▶ [ACTIVITY] Retype all of the data that follows, line for line.
Segment Start: MATERIAL SHOWN
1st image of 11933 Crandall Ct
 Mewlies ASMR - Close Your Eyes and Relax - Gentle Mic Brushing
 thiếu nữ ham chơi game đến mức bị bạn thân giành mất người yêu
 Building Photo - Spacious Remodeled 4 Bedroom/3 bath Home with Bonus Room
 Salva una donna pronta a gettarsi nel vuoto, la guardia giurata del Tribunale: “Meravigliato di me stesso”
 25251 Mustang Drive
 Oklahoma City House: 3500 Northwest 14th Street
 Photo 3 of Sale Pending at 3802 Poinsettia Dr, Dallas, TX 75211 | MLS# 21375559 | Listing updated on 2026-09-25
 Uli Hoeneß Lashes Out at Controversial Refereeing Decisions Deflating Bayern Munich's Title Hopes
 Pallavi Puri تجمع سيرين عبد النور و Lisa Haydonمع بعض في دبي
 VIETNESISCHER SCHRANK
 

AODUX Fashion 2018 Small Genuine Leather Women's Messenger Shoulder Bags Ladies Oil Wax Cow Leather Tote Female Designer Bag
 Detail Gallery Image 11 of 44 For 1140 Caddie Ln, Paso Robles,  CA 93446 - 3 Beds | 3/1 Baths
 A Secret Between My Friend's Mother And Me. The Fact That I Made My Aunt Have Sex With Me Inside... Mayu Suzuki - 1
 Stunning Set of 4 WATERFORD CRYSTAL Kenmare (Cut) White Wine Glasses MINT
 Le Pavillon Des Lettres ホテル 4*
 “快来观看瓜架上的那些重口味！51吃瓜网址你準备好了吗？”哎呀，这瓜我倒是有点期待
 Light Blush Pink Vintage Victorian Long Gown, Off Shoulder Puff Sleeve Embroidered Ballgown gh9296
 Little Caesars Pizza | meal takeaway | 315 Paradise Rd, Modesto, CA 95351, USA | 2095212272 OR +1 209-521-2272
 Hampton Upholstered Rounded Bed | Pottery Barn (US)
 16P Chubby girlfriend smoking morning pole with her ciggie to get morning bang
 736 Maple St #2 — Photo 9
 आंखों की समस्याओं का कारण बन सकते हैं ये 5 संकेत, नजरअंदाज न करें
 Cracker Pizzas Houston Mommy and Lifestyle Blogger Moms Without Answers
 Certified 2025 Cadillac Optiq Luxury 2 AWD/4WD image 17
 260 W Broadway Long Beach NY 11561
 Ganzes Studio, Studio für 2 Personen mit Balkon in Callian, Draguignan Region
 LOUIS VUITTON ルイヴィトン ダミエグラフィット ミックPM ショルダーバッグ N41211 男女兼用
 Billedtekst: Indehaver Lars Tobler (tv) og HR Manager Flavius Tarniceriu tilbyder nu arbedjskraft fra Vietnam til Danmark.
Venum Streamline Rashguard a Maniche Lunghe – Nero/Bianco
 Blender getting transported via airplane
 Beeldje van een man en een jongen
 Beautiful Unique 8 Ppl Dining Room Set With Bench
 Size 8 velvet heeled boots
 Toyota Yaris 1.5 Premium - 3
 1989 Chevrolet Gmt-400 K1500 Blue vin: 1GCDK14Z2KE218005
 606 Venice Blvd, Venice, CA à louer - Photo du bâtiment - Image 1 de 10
Segment End: MATERIAL SHOWN
▶ [RESPONSE FOR THIS EXERCISE]
1st image of 11933 Crandall Ct
 Mewlies ASMR - Close Your Eyes and Relax - Gentle Mic Brushing
 thiếu nữ ham chơi game đến mức bị bạn thân giành mất người yêu
 Building Photo - Spacious Remodeled 4 Bedroom/3 bath Home with Bonus Room
 Salva una donna pronta a gettarsi nel vuoto, la guardia giurata del Tribunale: “Meravigliato di me stesso”
 25251 Mustang Drive
 Oklahoma City House: 3500 Northwest 14th Street
 Photo 3 of Sale Pending at 3802 Poinsettia Dr, Dallas, TX 75211 | MLS# 21375559 | Listing updated on 2026-09-25
 Uli Hoeneß Lashes Out at Controversial Refereeing Decisions Deflating Bayern Munich's Title Hopes
 Pallavi Puri تجمع سيرين عبد النور و Lisa Haydonمع بعض في دبي
 VIETNESISCHER SCHRANK
 

AODUX Fashion 2018 Small Genuine Leather Women's Messenger Shoulder Bags Ladies Oil Wax Cow Leather Tote Female Designer Bag
 Detail Gallery Image 11 of 44 For 1140 Caddie Ln, Paso Robles,  CA 93446 - 3 Beds | 3/1 Baths
 A Secret Between My Friend's Mother And Me. The Fact That I Made My Aunt Have Sex With Me Inside... Mayu Suzuki - 1
 Stunning Set of 4 WATERFORD CRYSTAL Kenmare (Cut) White Wine Glasses MINT
 Le Pavillon Des Lettres ホテル 4*
 “快来观看瓜架上的那些重口味！51吃瓜网址你準备好了吗？”哎呀，这瓜我倒是有点期待
 Light Blush Pink Vintage Victorian Long Gown, Off Shoulder Puff Sleeve Embroidered Ballgown gh9296
 Little Caesars Pizza | meal takeaway | 315 Paradise Rd, Modesto, CA 95351, USA | 2095212272 OR +1 209-521-2272
 Hampton Upholstered Rounded Bed | Pottery Barn (US)
 16P Chubby girlfriend smoking morning pole with her ciggie to get morning bang
 736 Maple St #2 — Photo 9
 आंखों की समस्याओं का कारण बन सकते हैं ये 5 संकेत, नजरअंदाज न करें
 Cracker Pizzas Houston Mommy and Lifestyle Blogger Moms Without Answers
 Certified 2025 Cadillac Optiq Luxury 2 AWD/4WD image 17
 260 W Broadway Long Beach NY 11561
 Ganzes Studio, Studio für 2 Personen mit Balkon in Callian, Draguignan Region
 LOUIS VUITTON ルイヴィトン ダミエグラフィット ミックPM ショルダーバッグ N41211 男女兼用
 Billedtekst: Indehaver Lars Tobler (tv) og HR Manager Flavius Tarniceriu tilbyder nu arbedjskraft fra Vietnam til Danmark.
Venum Streamline Rashguard a Maniche Lunghe – Nero/Bianco
 Blender getting transported via airplane
 Beeldje van een man en een jongen
 Beautiful Unique 8 Ppl Dining Room Set With Bench
 Size 8 velvet heeled boots
 Toyota Yaris 1.5 Premium - 3
 1989 Chevrolet Gmt-400 K1500 Blue vin: 1GCDK14Z2KE218005
 606 Venice Blvd, Venice, CA à louer - Photo du bâtiment - Image 1 de 10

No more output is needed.